Em hid her thumbs beneath her fingers and watched, round-eyed as a child before a magician.
Amanda hooked her thumbs into the circle of string and stretched it out. She wove her fourth fingers over the first line of string and under the next, hooked this back and opened her hands out. Now she was holding a long rectangle. Into the piece of string that ran across each palm, she put the opposite index finger and pulled her hands apart again. She held out the pattern she’d made, so involved in the instinctual remembering of the old moves that for a moment she forgot that Em could not know what came next. Forgot that it takes two pairs of hands to make a cradle.
Memory flooded her in a sudden cold sweat.

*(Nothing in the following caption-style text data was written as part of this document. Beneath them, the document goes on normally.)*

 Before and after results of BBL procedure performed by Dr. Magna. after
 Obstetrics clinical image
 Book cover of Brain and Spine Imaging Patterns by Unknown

As if in the suspended otherworld of a silent film, Amanda could feel her mouth open without sound, her pulse rise like a sickness up her throat. Into this paralysis, Em broke like an electric shock. She leaned across the table and snatched the string from off Amanda’s hands, tugging fiercely at a thumb around which the string had stuck.
“Ouch!” Amanda said. “Em, be careful. Here, let me.” She tried to slip the string off her thumb with her other hand, but Em was tightening it with every tug. “Em,” she repeated. “Don’t.”
Em shot her one look from under ferocious brows and pulled again.
“Let me have it,” she panted. “I want it. Give it to me.”
“Em,” Amanda shouted at her. “Em. Mamma. Mamma, please, stop
“Em, just Em,” insisted her mother, as she had done all through Amanda’s childhood. Not Mamma, as the baby Amanda had called her. Not Emily, as she had been christened. Just Em, as if to hoard her identity against the meshes of marriage and motherhood.
“Em, stop, you’re hurting me. Stop it!”
“Hurt, hurt,” said her mother, pulling.
Amanda rose from her chair and, leaning across the table, finally managed to slacken the string and free herself. She sat down nursing her thumb, the pulse in her throat still beating, tears hot in her eyes.
Em, the string triumphantly clutched, smiled beatifically at her. “I’m hungry,” she announced. “Why won’t you let me eat anything?”
Amanda tried to smile back, to answer patiently, but found she couldn’t. She put her bruised thumb to her mouth, and tears ran warm onto her hand.
“At first, it’s just as if a few stitches of the brain have been dropped,” the consultant had told her. “But they can’t be picked up again. The unraveling goes on and on until there are more gaps than stitches.”
“What’s the matter, Mandolin?”
What do I do next, Mamma? Amanda longed to ask.
Her mother sighed, as if with great patience, and dropped the circle of string over her thumbs. She wove her fingers in and out, in and out, until a crazed tangle shackled her hands. She held up her creation for Amanda to see. “Look,’ she cried, her eyes alight. “Look at me. Look at Em. My beautiful child!”